---------- DATA LISTING ----------

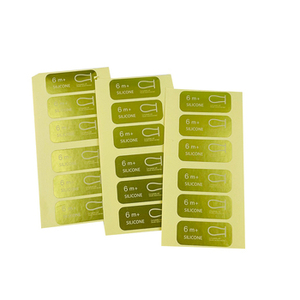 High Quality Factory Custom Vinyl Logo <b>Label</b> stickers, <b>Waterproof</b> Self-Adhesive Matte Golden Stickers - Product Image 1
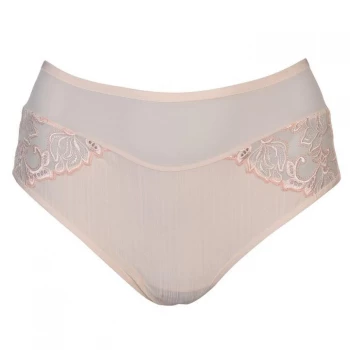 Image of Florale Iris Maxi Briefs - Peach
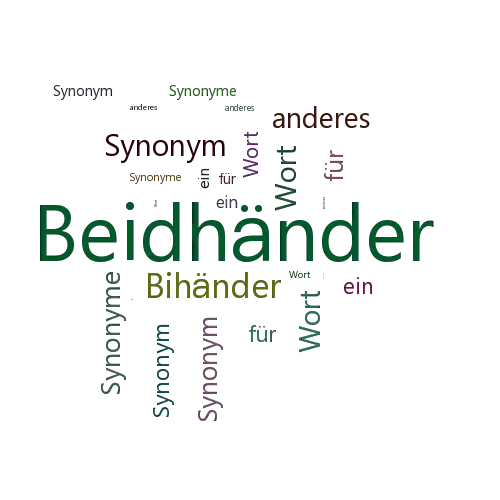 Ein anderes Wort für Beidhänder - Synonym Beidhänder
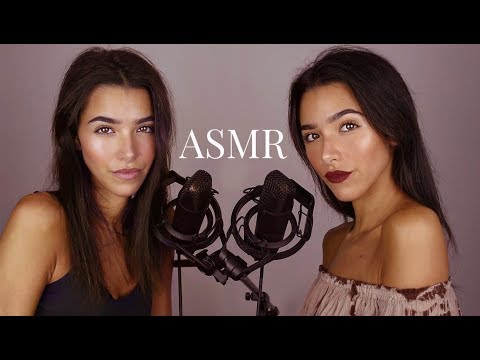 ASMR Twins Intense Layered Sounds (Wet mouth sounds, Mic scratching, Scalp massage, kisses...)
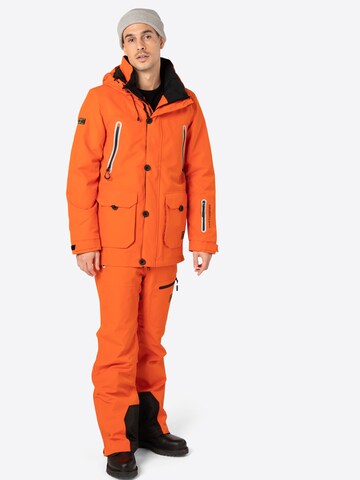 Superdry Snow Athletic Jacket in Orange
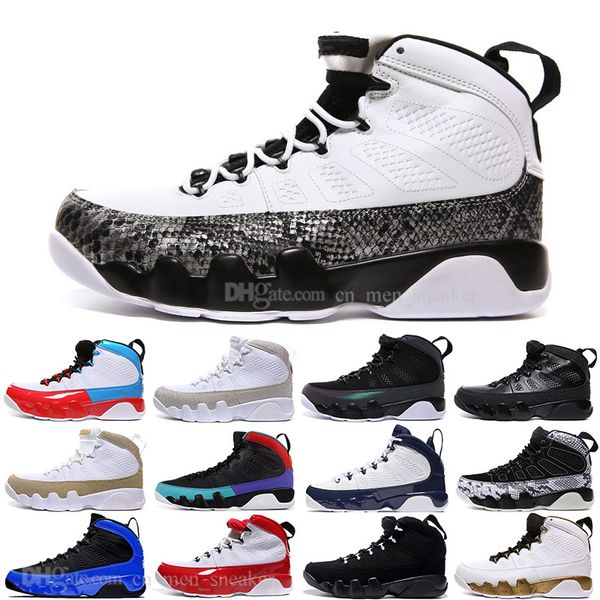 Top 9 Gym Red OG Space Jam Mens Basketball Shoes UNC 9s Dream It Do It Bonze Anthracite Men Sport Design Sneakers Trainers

----------

- [ACTIVITY] Restate, exactly as they appear, the line with "Image of Florale Iris Maxi Briefs - Peach" and all the lines after it up to the end of the data above; images do not belong in the copy.

- [EXERCISE RESPONSE]
 Image of Florale Iris Maxi Briefs - Peach
 Ein anderes Wort für Beidhänder - Synonym Beidhänder
 ASMR Twins Intense Layered Sounds (Wet mouth sounds, Mic scratching, Scalp massage, kisses...)
 Superdry Snow Athletic Jacket in Orange
 Top 9 Gym Red OG Space Jam Mens Basketball Shoes UNC 9s Dream It Do It Bonze Anthracite Men Sport Design Sneakers Trainers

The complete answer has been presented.